Addressing the long-term solvency of the federal Highway Trust Fund (HTF) and sustaining the gains of the stimulus law should be motivating factors for Congress and President Obama to complete action this year on the multi-year highway and transit reauthorization bill. Transportation design and construction professionals must also generate the grassroots muscle necessary to keep the heat on elected leaders to get the job done right. These are the messages top leaders of the American Road & Transportation Builders Association (ARTBA) are delivering in a series of coordinated speeches around country.
ARTBA Chairman Charles Potts, president and chief executive officer of Indianapolis-based Heritage Construction & Materials, spoke June 3 at the Arkansas Good Roads Transportation Council meeting in Little Rock. His next address comes June 11 at the Alabama Road Builders Association's annual convention. ARTBA President Pete Ruane also spoke June 5 before the American Society of Highway Engineers annual meeting in Atlanta, Ga., and focused on the same themes. The two ARTBA leaders have made presentations to more than a dozen business and transportation construction professionals in the past month.

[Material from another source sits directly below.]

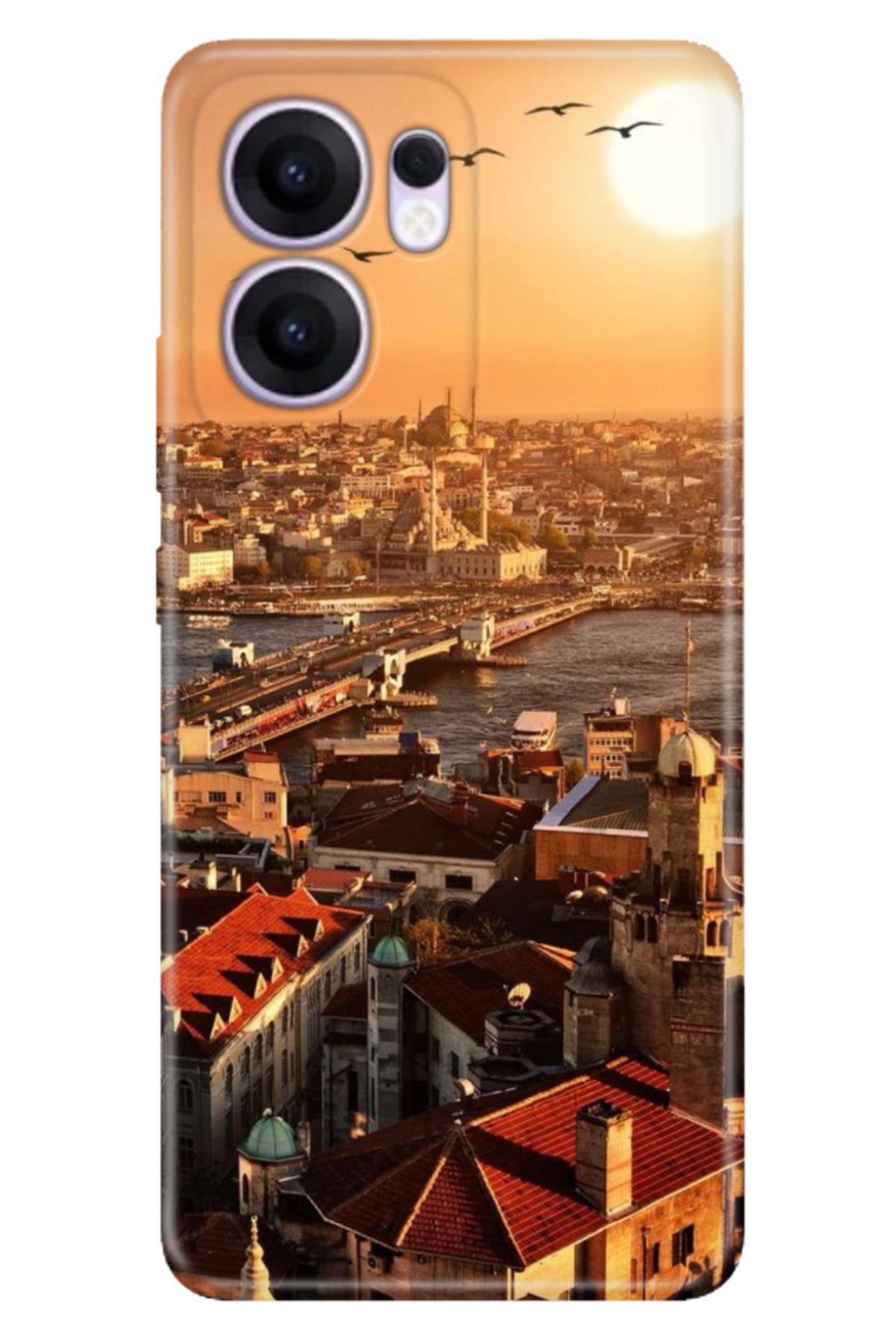 OPPO Reno 13F 5G Kılıf Renkli Silikon Baskılı TPU Galata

Potts noted the projected revenues flowing into the HTF are approximately $90 billion below the level necessary to simply maintain highway and public transportation investment levels over the next six years that are in the current law-SAFETEA-LU. Last year, Congress provided an $8 billion infusion to the HTF to allow the Federal Highway Administration to meet its obligations. The U.S. Department of Transportation says a similar scenario will occur later this summer.

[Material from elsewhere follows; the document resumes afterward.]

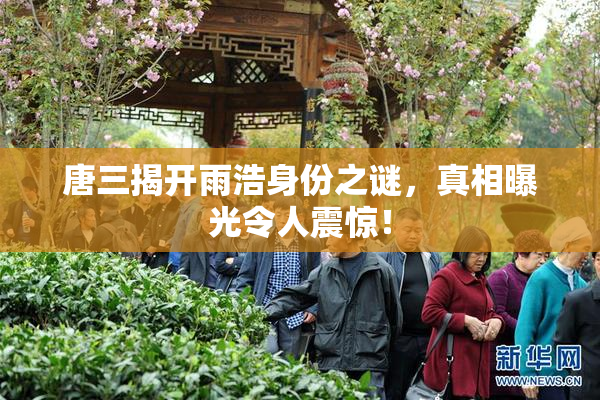 唐三揭开雨浩身份之谜，真相曝光令人震惊！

"While some claim the root of this problem is the price of gasoline or improved automobile fuel economy, the truth of the matter is Congress knowingly created this crisis by dodging the revenue debate in the last bill," Potts said. "They increased surface transportation investment over five years largely by liquidating the $12 billion balance in the Highway Trust Fund."

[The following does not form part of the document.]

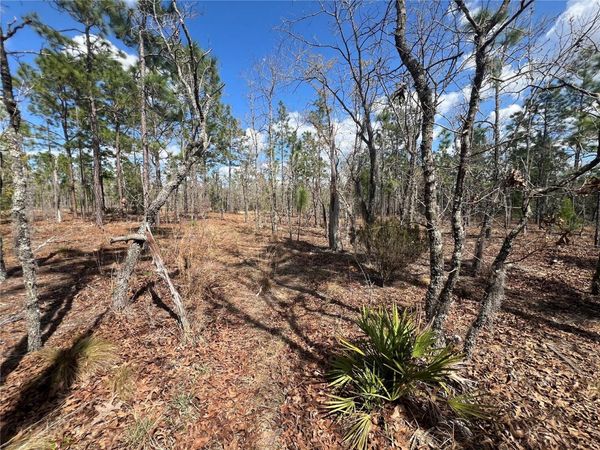 143 QUAIL WAY , HAWTHORNE, FL 32640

Without reserves to further draw down, the programs will be entirely reliant on incoming revenues that are based on tax rates that have not been adjusted for 16 years. As a result, Potts says, Congress will have tough choices to make: cut investment levels, deficit spend, or raise new revenues. While the HTF's solvency is one of the key obstacles facing reauthorization, Potts says the stimulus clearly established transportation infrastructure investment as an agent of economic recovery. The $48 billion in transportation investments from that measure will serve as an example of the type of economic boost and job creation that can come from a robust, long-term federal commitment to transportation improvements, he said. Failing to address the HTF shortfall would more than eclipse any gains from the economic stimulus package, according to Potts. In fact, forcing the programs to rely on existing revenues would cause the loss of 500,000 jobs through 2015. "This type of economic hit in one sector is clearly not the goal of the economic recovery package and not something Congress and the President are likely to let happen," Potts said. Potts also addressed the reauthorization timeline. House Transportation & Infrastructure Committee Chairman Jim Oberstar (D-Minn.) is aiming to move his committee's version of the reauthorization bill as early as July.